We are all familiar with the minimum age required of drivers that are legally allowed on the road. The typical minimum age is set at 16 years although there are specific locations that allow younger drivers at 15 years or require older ones at 18 years. The main reason why there is much emphasis on the minimum age requirement is because of statistics that show that the biggest bulk of fatal vehicular accidents involve drivers from the age of 15 to 24 years.
In the context of driving, age is often seen as an indicator of experience which is not right at all times. We can have a seasoned 20-year old driver driving for four years and a newbie 30-year old driving for only a month. Although age per se matters especially in relation to teenage drivers who are not yet exactly expected to make the best decisions, age and experience will have to be considered closely together.

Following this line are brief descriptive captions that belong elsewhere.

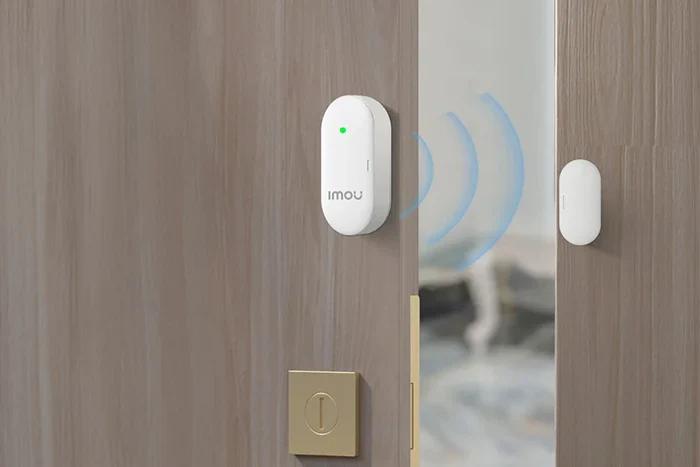 Système de sécurité avec détecteur d’ouverture pour porte en entreprise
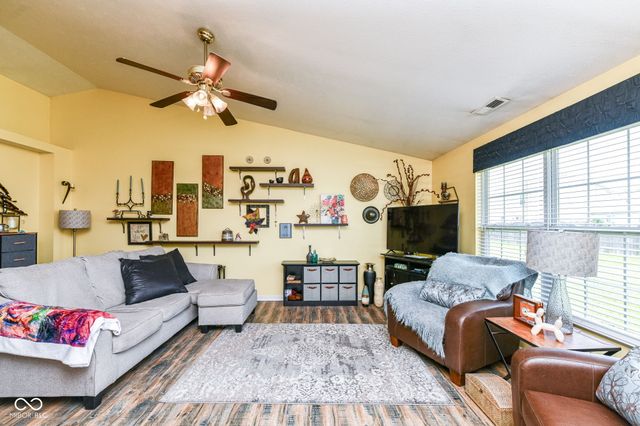 1214 Stonebridge Drive, Anderson, IN 46013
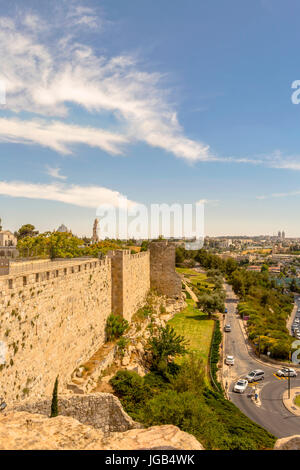 Wälle auf der Zitadelle (Tower of David) in der alten Stadt von Jerusalem, Israel, mit Weitsicht der Dormitio-Benediktiner-Kirche Turm. Stockfoto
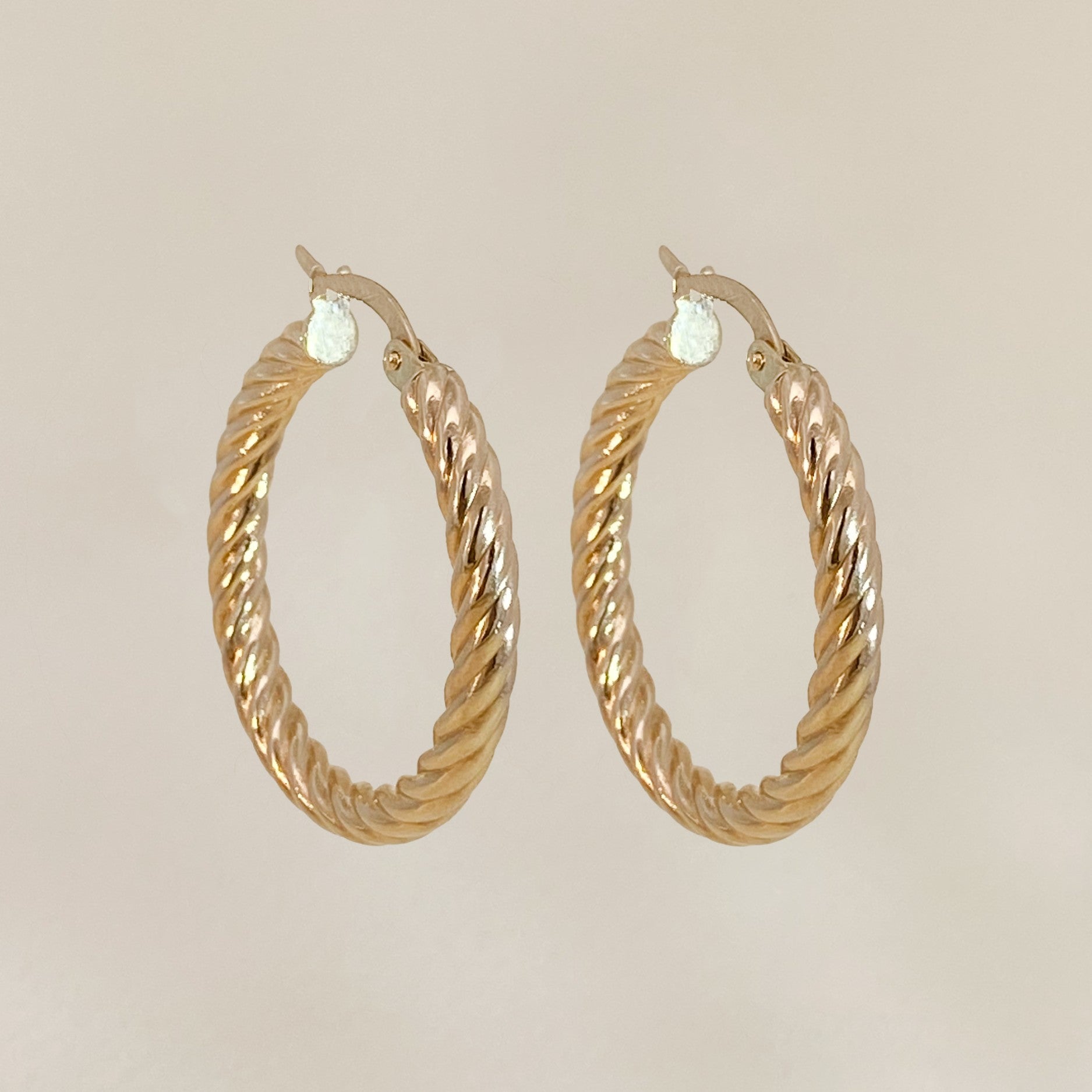 Twisted Oro Hoops Large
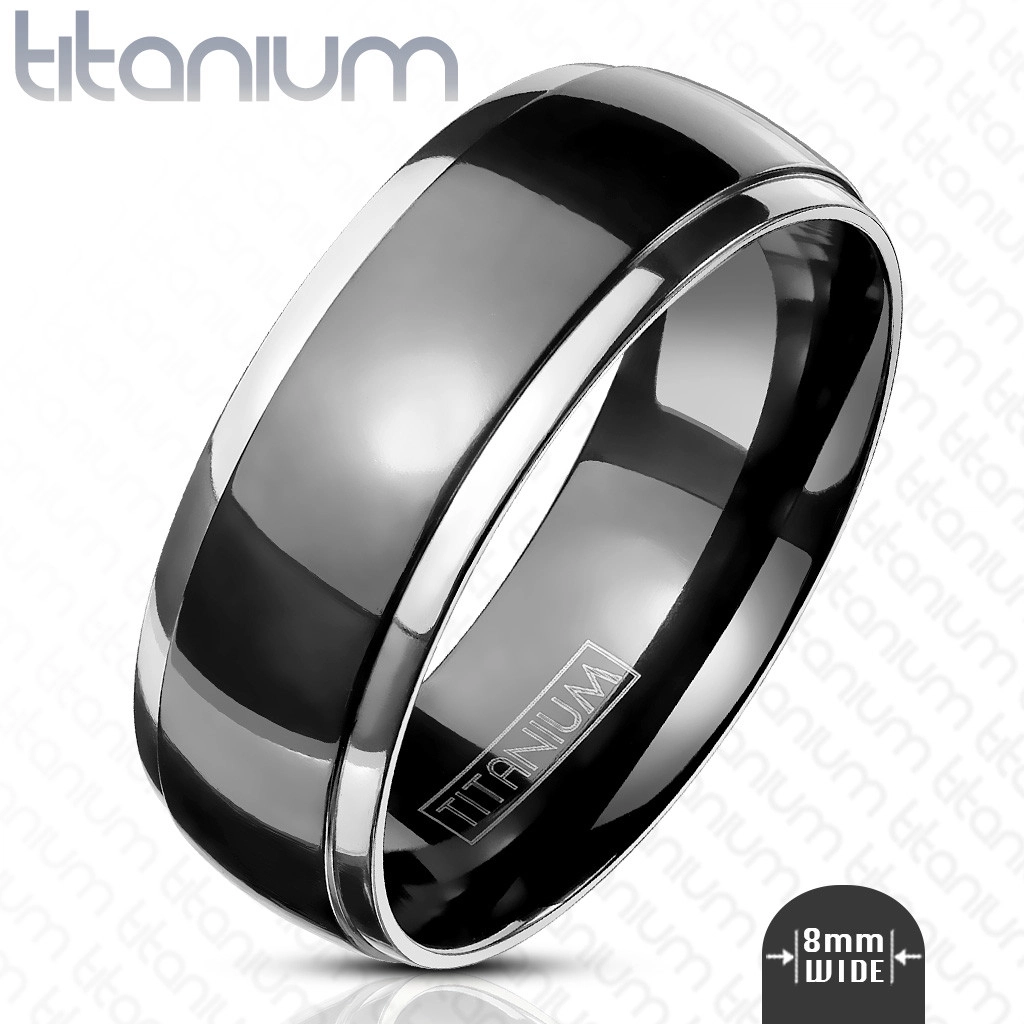 Širší prsten z titanu - hladká obroučka s vystupujícím černým středem a okraji ve stříbrné barvě, 8 mm - Velikost: 70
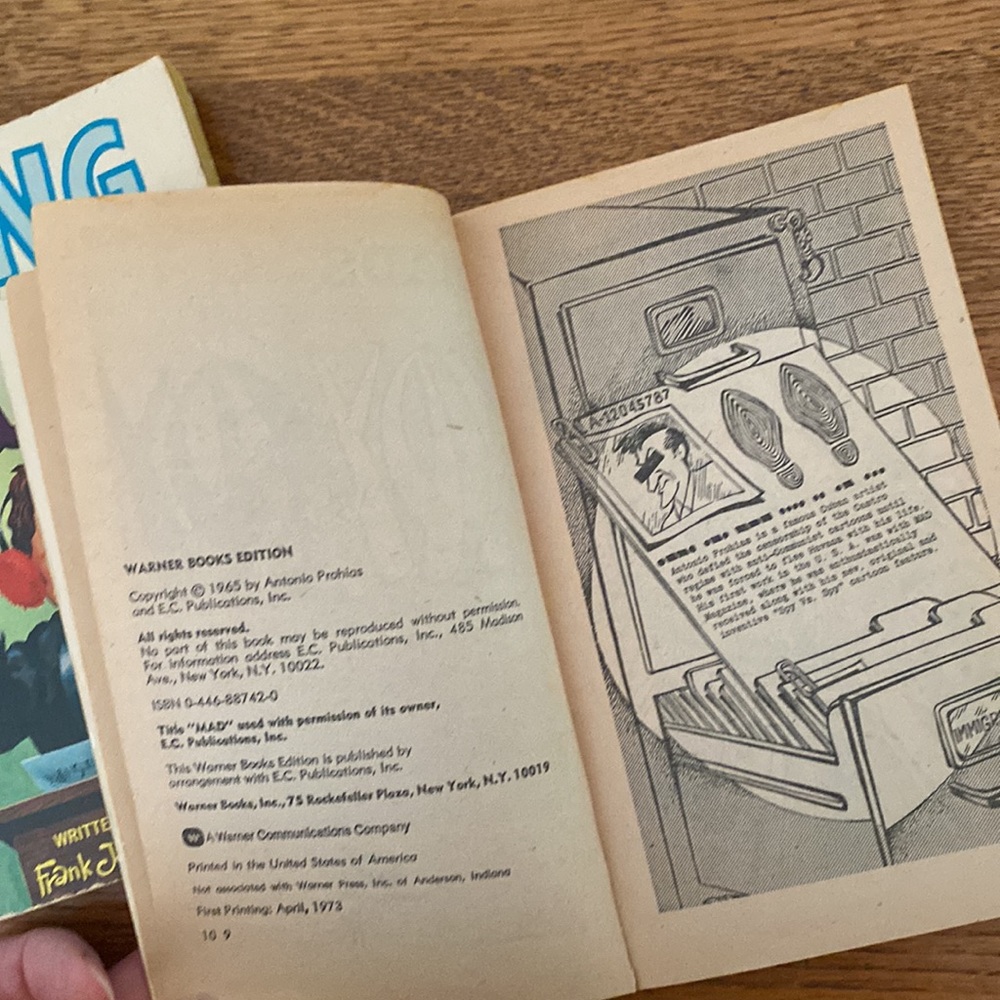 MAD Magazine Paperbacks - Picture 4 of 5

On the other side of the spectrum which may present certain concerns are the senior drivers aged 60 and above. Although most have gained considerable experience and expertise on the road through time, time has also become the main culprit in the deterioration of certain capabilities. The most commonly affected are sight and reflex.
All drivers know that these two work doubly hard while driving. A driver cannot afford to have serious vision problems that may cause him or her to make fatal decisions in driving. Fast reflex or reaction time to certain circumstances or road and traffic conditions are required to counter unexpected road risks.
Some countries have sought to address this concern by requiring drivers in advanced to age to renew their licenses more frequently. This also allows for more frequent vision testing. On a bright note however, drivers in this age group have one of the lowest accident records attributed largely to the less time they spend on the road and the better condition of their cars.